Exercise.
Write out the data exactly from its first line onward, ending with the line in which "Vector gratuito colección" appears.

Provided data.
====
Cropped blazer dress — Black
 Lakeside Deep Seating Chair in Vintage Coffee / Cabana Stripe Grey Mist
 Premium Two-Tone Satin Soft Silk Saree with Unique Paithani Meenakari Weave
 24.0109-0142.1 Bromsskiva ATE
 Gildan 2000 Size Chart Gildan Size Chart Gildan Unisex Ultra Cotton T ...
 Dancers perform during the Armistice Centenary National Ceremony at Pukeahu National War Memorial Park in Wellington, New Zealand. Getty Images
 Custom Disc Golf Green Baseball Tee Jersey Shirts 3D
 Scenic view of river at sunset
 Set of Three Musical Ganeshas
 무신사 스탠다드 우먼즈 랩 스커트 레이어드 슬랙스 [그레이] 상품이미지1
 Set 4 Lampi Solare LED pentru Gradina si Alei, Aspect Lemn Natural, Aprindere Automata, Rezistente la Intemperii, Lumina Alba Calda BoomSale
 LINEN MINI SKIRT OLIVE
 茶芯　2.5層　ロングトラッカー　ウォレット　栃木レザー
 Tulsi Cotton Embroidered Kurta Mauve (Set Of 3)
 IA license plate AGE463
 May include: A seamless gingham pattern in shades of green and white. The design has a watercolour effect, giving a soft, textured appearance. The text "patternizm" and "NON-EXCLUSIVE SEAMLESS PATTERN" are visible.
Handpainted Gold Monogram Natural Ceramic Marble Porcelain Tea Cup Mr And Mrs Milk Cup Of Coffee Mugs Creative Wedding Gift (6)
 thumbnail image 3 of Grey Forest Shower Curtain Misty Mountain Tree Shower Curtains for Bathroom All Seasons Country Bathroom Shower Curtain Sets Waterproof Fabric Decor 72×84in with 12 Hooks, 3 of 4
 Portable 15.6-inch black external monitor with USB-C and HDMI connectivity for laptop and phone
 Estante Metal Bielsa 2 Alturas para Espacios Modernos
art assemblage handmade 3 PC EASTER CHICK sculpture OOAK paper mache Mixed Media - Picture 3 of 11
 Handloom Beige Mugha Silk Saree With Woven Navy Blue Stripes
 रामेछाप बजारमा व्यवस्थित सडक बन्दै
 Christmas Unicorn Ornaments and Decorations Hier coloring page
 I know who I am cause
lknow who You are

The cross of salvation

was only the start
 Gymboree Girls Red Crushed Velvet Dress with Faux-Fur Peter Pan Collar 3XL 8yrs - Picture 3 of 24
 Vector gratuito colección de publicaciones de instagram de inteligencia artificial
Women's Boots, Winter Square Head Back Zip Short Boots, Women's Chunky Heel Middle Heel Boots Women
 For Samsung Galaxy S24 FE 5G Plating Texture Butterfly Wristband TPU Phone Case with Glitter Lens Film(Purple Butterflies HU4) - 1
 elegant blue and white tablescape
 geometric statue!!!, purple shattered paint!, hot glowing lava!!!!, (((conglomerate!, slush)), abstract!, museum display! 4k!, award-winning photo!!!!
====
Response box.
Cropped blazer dress — Black
 Lakeside Deep Seating Chair in Vintage Coffee / Cabana Stripe Grey Mist
 Premium Two-Tone Satin Soft Silk Saree with Unique Paithani Meenakari Weave
 24.0109-0142.1 Bromsskiva ATE
 Gildan 2000 Size Chart Gildan Size Chart Gildan Unisex Ultra Cotton T ...
 Dancers perform during the Armistice Centenary National Ceremony at Pukeahu National War Memorial Park in Wellington, New Zealand. Getty Images
 Custom Disc Golf Green Baseball Tee Jersey Shirts 3D
 Scenic view of river at sunset
 Set of Three Musical Ganeshas
 무신사 스탠다드 우먼즈 랩 스커트 레이어드 슬랙스 [그레이] 상품이미지1
 Set 4 Lampi Solare LED pentru Gradina si Alei, Aspect Lemn Natural, Aprindere Automata, Rezistente la Intemperii, Lumina Alba Calda BoomSale
 LINEN MINI SKIRT OLIVE
 茶芯　2.5層　ロングトラッカー　ウォレット　栃木レザー
 Tulsi Cotton Embroidered Kurta Mauve (Set Of 3)
 IA license plate AGE463
 May include: A seamless gingham pattern in shades of green and white. The design has a watercolour effect, giving a soft, textured appearance. The text "patternizm" and "NON-EXCLUSIVE SEAMLESS PATTERN" are visible.
Handpainted Gold Monogram Natural Ceramic Marble Porcelain Tea Cup Mr And Mrs Milk Cup Of Coffee Mugs Creative Wedding Gift (6)
 thumbnail image 3 of Grey Forest Shower Curtain Misty Mountain Tree Shower Curtains for Bathroom All Seasons Country Bathroom Shower Curtain Sets Waterproof Fabric Decor 72×84in with 12 Hooks, 3 of 4
 Portable 15.6-inch black external monitor with USB-C and HDMI connectivity for laptop and phone
 Estante Metal Bielsa 2 Alturas para Espacios Modernos
art assemblage handmade 3 PC EASTER CHICK sculpture OOAK paper mache Mixed Media - Picture 3 of 11
 Handloom Beige Mugha Silk Saree With Woven Navy Blue Stripes
 रामेछाप बजारमा व्यवस्थित सडक बन्दै
 Christmas Unicorn Ornaments and Decorations Hier coloring page
 I know who I am cause
lknow who You are

The cross of salvation

was only the start
 Gymboree Girls Red Crushed Velvet Dress with Faux-Fur Peter Pan Collar 3XL 8yrs - Picture 3 of 24
 Vector gratuito colección de publicaciones de instagram de inteligencia artificial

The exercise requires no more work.